Ozan, Şampiyonlar Ligi demişken... Şampiyonlar Ligi müziği senin için ne ifade ediyor?
“Şampiyonlar Ligi müziği tüylerimi diken diken eden bir müzik. Geçen sene Galatasaray’da belki gruptan çıkma başarısı gösteremedik belki ama benim futbol hayatıma çok etkide bulundu bu Şampiyonlar Ligi maçları. Tam bir podyum. Bütün büyük takımlar olsun, futbol dünyasının devleri olsun... Şampiyonlar Ligi’ni izliyor ve oradan oyunculara bakıp karar veriyor. İnşallah ben de seneye, öbür sene, her sene Şampiyonlar Ligi oynamya devam etmek istiyorum.”
Enteresan, tesadüf belki ama Galatasaray formasıyla ilk Şampiyonlar Ligi maçın Schalke deplasmanı, Veltins Arena, şu anda Schalke formasıyla o stattasın. Farklar nasıl?
“Aslında ilk maçımızı Galatasaray stadında oynadık, 0-0 bitmişti o maç. O maç çok iyi oynamıştım ama deplasmandaki maçta takım olarak çok kötü oynamıştık. Sadece güzel olan şey o stattaki Galatasaray taraftarıydı, gerçekten inanılmazlardı. Bence statta Schalke taraftarından çok daha fazlalardı sayı olarak. Ama şu anda Veltins Arena’da Schalke taraftarı beni büyülüyor. Gerçekten hiçbir zaman bize olan desteklerini esirgemiyorlar. Gerçekten, Veltins Arena oynarken keyif aldığım statlardan bir tanesi. ”
Taraftarla olan diyalogun nasıl? Schalke taraftarıyla özellikle. Sana bir lakap takıyorlar mı? Seni nasıl çağırıyorlar ya da arandaki diyalog nasıl?
“Schalke taraftarı gerçekten bana çok değer veriyor, bunu her fırsatta gösteriyorlar.

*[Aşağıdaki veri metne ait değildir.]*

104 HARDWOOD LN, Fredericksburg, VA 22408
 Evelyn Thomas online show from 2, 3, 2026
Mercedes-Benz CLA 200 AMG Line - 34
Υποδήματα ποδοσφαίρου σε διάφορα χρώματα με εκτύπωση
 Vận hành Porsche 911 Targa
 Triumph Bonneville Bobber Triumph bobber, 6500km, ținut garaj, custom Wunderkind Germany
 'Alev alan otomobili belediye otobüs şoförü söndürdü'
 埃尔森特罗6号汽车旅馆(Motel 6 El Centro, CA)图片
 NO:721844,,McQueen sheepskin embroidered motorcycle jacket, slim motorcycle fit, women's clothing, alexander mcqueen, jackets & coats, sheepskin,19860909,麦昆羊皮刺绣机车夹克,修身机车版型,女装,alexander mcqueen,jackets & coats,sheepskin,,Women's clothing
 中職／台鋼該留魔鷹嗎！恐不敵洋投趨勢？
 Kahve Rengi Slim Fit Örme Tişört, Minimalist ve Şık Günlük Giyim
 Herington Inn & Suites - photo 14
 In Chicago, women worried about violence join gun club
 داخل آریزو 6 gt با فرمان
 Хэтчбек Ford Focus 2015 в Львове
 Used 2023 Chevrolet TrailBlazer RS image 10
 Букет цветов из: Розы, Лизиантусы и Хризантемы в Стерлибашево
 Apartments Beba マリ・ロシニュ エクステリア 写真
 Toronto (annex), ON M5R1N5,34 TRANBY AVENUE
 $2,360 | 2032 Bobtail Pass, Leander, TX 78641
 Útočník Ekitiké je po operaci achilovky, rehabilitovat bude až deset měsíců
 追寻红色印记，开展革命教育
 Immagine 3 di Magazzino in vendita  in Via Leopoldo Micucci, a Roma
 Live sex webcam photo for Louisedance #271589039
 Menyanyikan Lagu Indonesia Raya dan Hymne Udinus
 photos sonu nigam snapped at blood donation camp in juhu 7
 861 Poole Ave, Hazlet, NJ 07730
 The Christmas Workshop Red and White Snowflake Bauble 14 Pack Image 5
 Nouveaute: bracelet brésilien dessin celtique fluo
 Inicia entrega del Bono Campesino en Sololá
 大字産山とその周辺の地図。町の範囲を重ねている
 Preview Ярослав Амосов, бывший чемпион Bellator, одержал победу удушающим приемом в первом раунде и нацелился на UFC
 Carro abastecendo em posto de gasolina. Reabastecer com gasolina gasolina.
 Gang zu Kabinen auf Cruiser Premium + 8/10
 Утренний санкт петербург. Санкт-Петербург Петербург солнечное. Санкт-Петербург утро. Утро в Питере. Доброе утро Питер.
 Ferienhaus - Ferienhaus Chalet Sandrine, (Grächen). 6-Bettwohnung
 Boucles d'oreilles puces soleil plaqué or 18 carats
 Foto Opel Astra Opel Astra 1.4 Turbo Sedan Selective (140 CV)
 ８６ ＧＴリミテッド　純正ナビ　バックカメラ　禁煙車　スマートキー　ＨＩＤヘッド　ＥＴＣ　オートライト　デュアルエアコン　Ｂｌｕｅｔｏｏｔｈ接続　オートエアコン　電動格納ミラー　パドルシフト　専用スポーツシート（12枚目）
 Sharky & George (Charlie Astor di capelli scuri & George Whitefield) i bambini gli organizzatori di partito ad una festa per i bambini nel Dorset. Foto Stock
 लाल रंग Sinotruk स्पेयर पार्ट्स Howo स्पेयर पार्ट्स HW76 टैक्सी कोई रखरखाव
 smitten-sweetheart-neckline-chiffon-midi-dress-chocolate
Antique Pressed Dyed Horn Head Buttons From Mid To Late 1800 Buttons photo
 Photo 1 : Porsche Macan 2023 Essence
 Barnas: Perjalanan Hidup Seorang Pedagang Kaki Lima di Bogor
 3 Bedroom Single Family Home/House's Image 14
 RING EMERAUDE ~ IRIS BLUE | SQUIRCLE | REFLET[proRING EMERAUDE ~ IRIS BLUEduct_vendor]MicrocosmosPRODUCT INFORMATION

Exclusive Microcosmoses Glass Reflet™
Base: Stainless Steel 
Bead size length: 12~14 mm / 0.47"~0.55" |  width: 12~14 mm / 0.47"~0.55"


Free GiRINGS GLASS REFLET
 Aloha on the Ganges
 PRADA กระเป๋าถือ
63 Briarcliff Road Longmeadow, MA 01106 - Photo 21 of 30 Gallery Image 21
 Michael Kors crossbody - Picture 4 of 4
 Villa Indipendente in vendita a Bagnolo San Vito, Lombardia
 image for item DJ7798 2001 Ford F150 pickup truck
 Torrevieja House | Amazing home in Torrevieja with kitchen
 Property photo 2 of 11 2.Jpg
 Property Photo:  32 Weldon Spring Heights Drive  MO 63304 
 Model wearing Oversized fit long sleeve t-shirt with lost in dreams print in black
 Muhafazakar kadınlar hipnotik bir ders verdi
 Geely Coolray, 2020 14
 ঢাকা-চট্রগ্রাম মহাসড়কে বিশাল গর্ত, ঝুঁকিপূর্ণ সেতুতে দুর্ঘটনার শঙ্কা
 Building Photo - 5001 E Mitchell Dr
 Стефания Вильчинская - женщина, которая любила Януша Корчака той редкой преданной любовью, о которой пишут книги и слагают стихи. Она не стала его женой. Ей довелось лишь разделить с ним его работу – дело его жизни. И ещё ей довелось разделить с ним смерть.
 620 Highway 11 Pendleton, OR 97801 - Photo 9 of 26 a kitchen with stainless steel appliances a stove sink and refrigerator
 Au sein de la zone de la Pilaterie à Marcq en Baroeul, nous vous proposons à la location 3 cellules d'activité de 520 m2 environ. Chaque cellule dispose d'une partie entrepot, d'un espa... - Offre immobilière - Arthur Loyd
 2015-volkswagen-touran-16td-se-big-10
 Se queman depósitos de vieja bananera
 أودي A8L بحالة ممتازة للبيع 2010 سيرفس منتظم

Geçen ay, ayın oyuncusu seçmişler beni. Taraftar verdi bana ödülü. Benden çok şey beklediklerini, çok memnun olduklarını söylüyorlar sürekli. Tabii Almanca öğreniyor olmam, onlarla Almanca diyalog kurmaya çalışıyor olmam, onları ayrıca mutlu ediyor. Onun dışında gollerimle de alakalı çok olumlu yorumları var. Sürekli bana söylüyorlar. Gerçekten, iyi bir taraftar grubuna sahibiz bence. ”
Galatasaray Altyapısı, defaatle vurgu yapıyoruz, altyapıdan yetişen, Bundesliga’ya transfer olan ve şu anda orada forma giyen en genç oyunculardan biri olarak şunu sormak istiyorum, altyapılarda forma giyen -hem Galatasaray Altyapısı’nda hem başka altyapılarda- meslektaşlarına, futbolcu kardeşlerine önerilerin neler?
“Öncelikle tabii ben de o yoldan geçtiğim için onların ne yaşadığını çok iyi biliyorum. Öncelikle çok çalışmalarını tabii ki söylemeden geçemeyeceğim. Ama onun dışında kendilerine asla inanmaktan vazgeçmemelerini söylüyorum. Çünkü Türkiye’de onların futbolcu olamayacağını öngören hocalar olabilir. Onlara, bunları söyleyen hocalar olabilir. Ama asla vazgeçmemelerini, kendilerine inanmalarını istiyorum onlardan. ”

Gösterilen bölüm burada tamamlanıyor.